Available data:
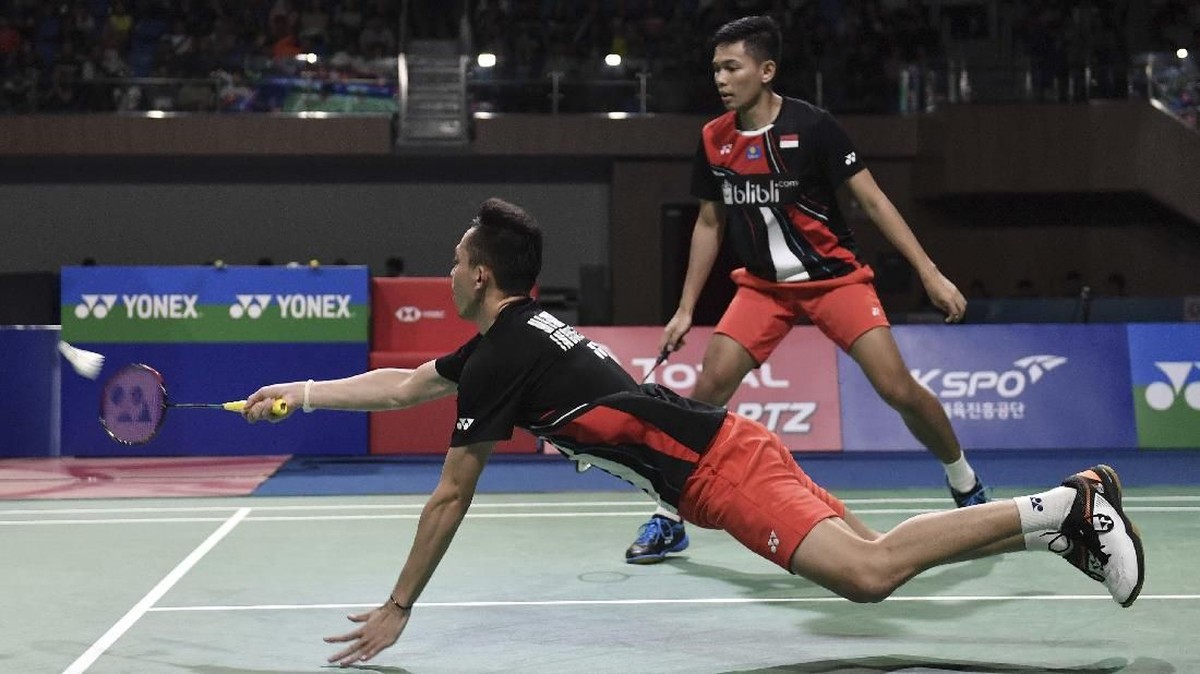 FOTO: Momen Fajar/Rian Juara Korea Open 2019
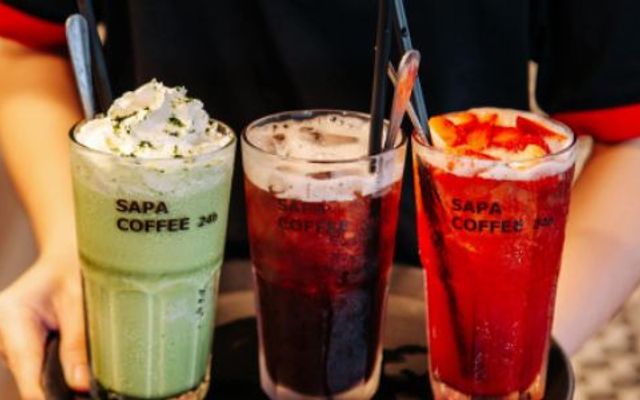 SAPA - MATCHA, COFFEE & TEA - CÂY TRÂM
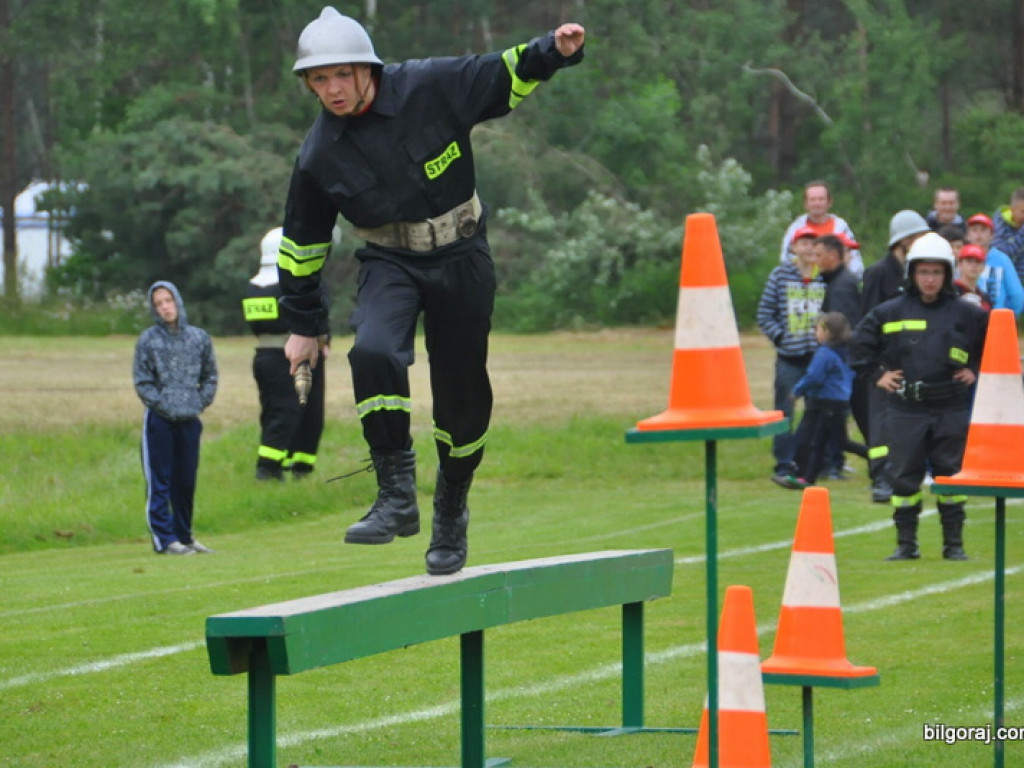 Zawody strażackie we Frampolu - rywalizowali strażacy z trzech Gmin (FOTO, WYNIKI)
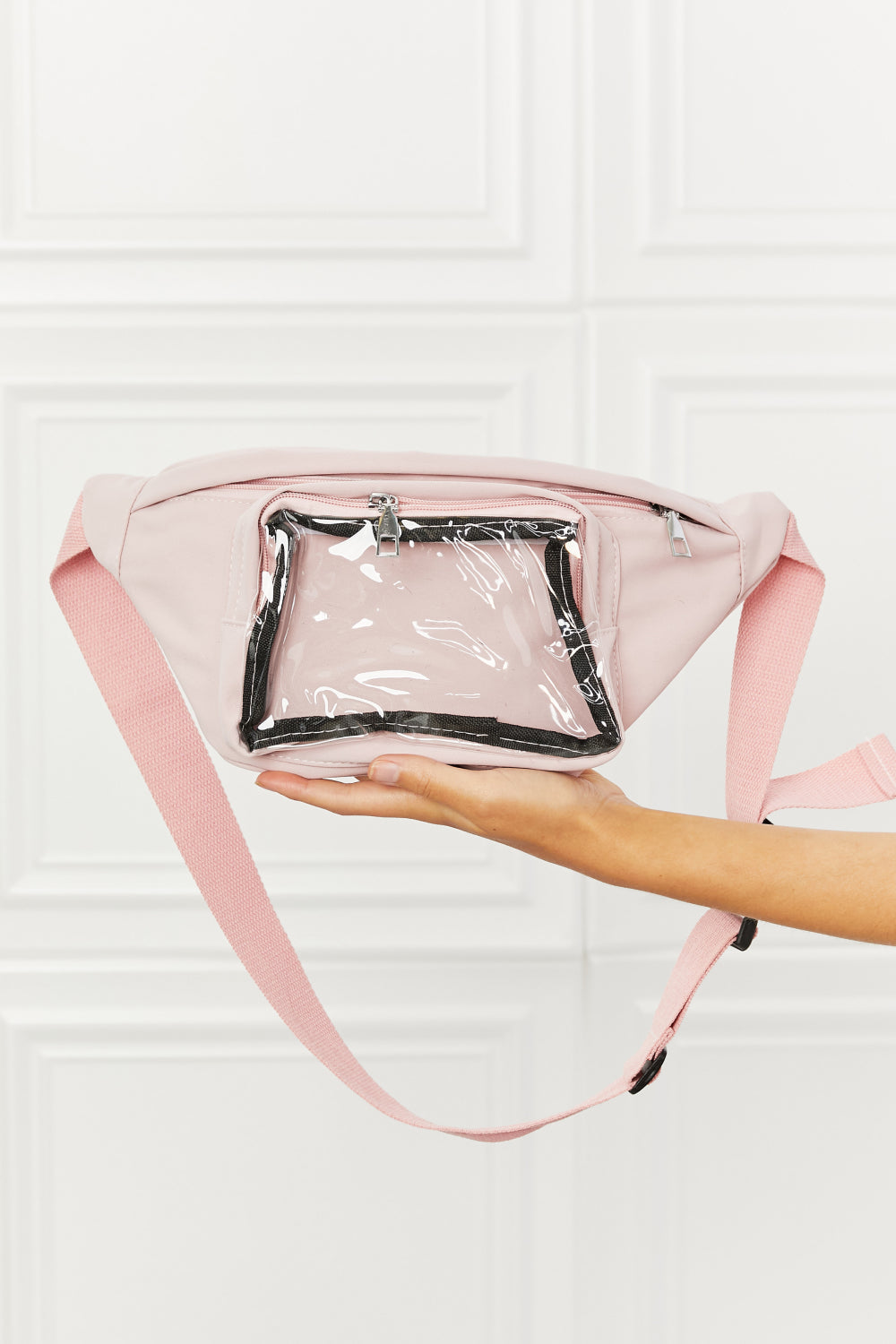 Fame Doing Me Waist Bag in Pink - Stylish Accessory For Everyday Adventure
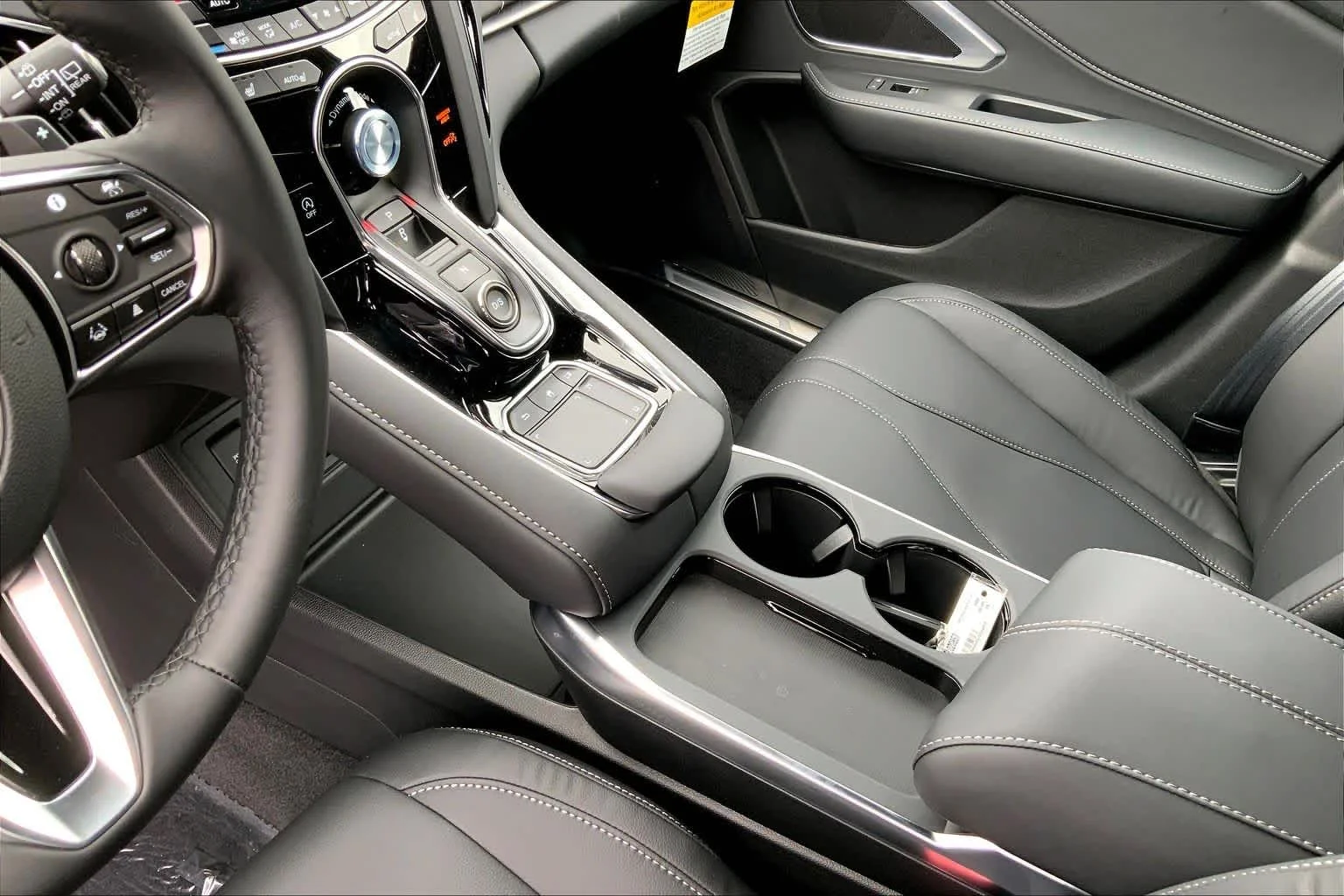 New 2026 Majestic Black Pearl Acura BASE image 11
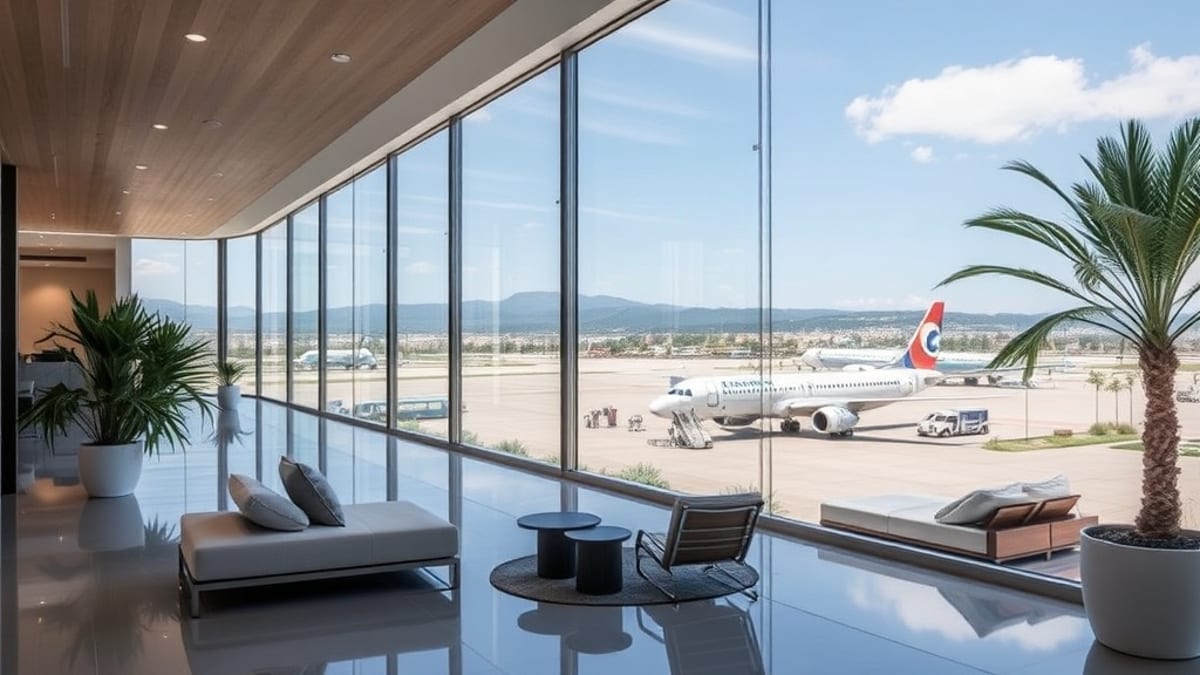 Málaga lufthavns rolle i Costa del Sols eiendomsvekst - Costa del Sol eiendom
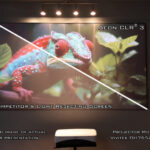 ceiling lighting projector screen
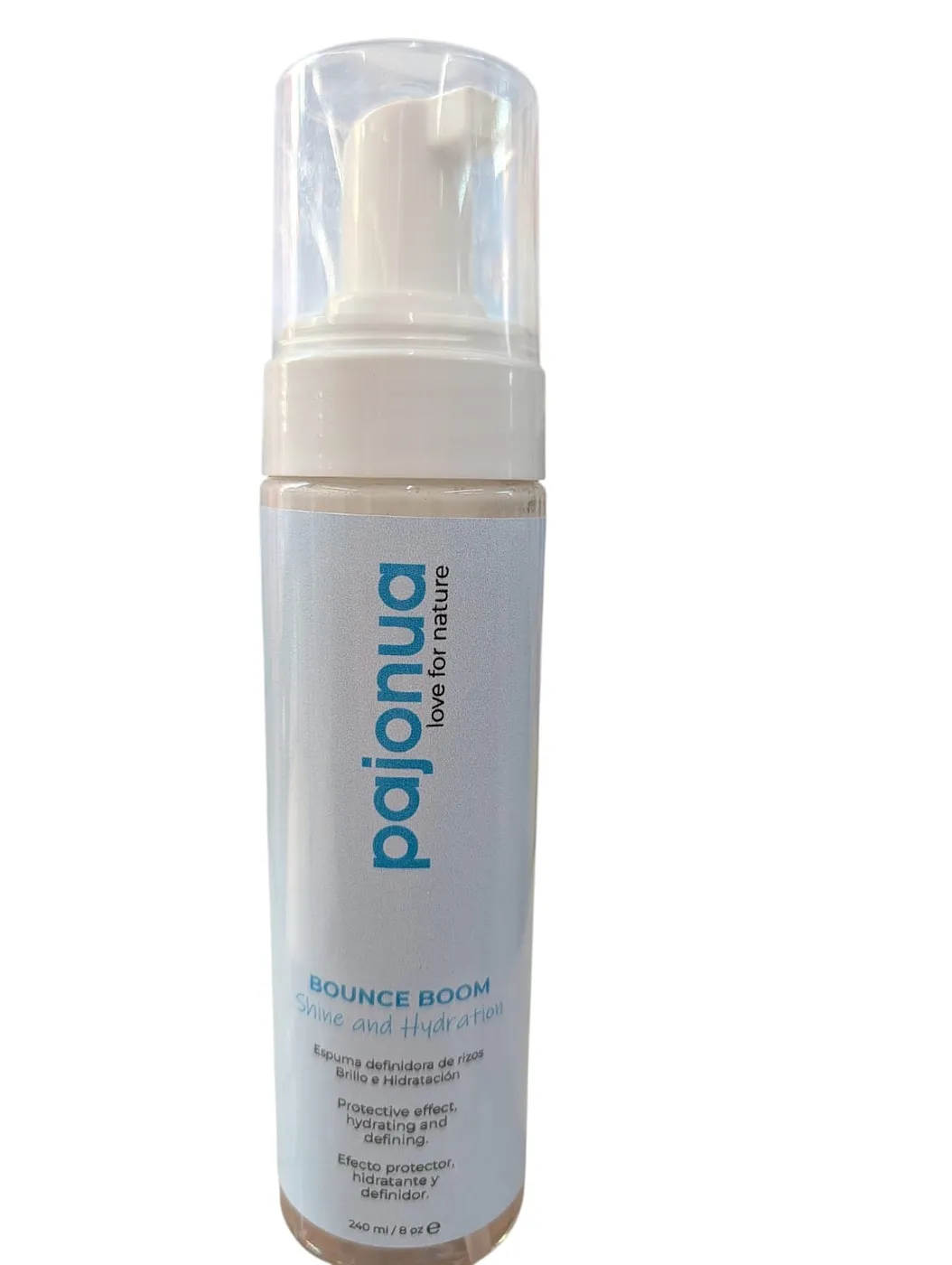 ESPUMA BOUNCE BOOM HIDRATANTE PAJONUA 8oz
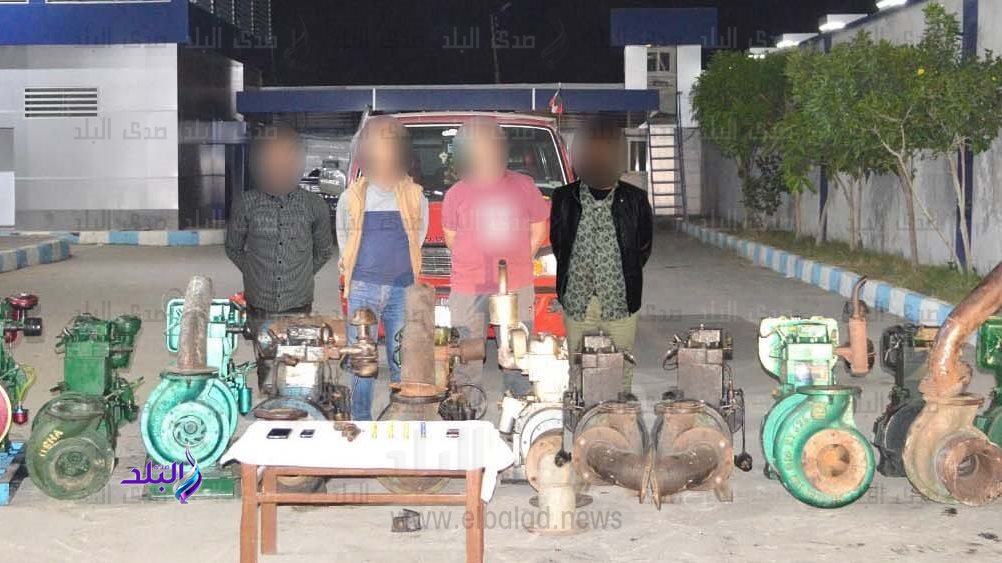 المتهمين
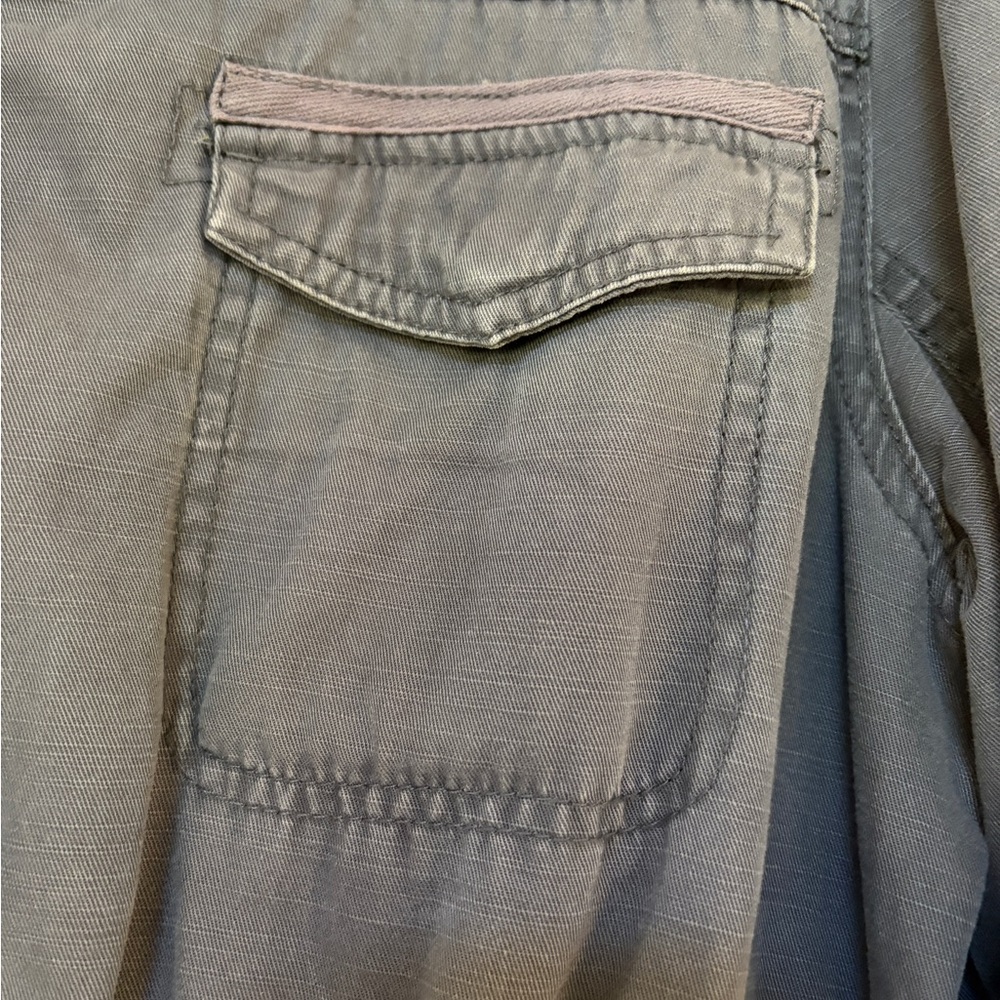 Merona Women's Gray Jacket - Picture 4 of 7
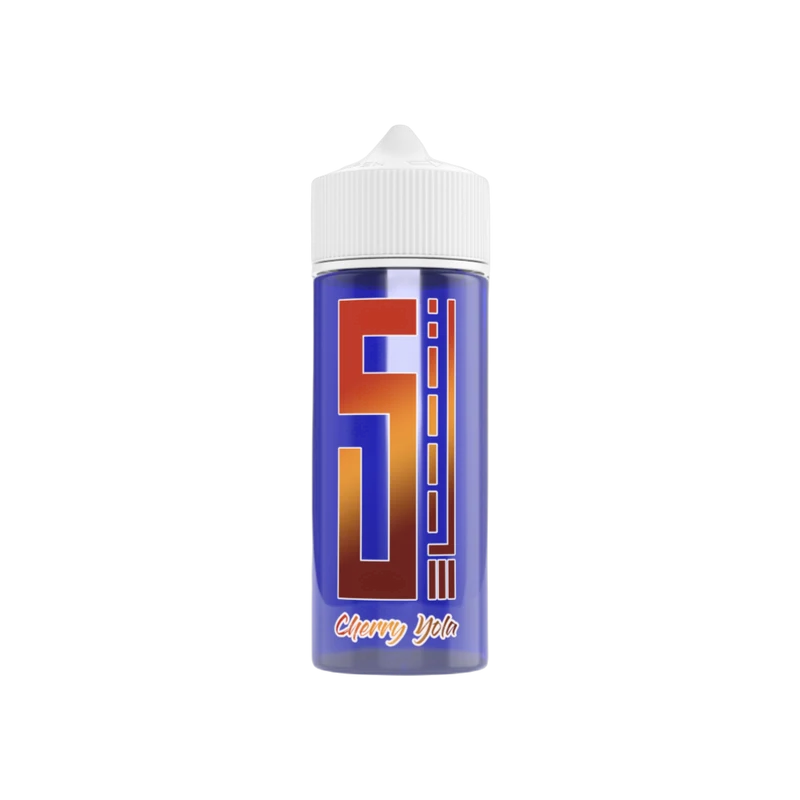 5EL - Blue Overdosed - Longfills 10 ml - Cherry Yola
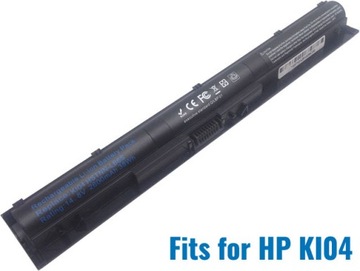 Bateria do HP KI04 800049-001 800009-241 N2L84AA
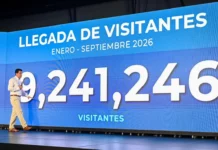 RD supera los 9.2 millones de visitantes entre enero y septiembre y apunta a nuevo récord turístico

Activity: Beginning with the line holding "ESPUMA BOUNCE BOOM HIDRATANTE PAJONUA 8oz", copy each line exactly through the end of the records above, and leave every picture out.

The answer:
 ESPUMA BOUNCE BOOM HIDRATANTE PAJONUA 8oz
 المتهمين
 Merona Women's Gray Jacket - Picture 4 of 7
 5EL - Blue Overdosed - Longfills 10 ml - Cherry Yola
 Bateria do HP KI04 800049-001 800009-241 N2L84AA
 RD supera los 9.2 millones de visitantes entre enero y septiembre y apunta a nuevo récord turístico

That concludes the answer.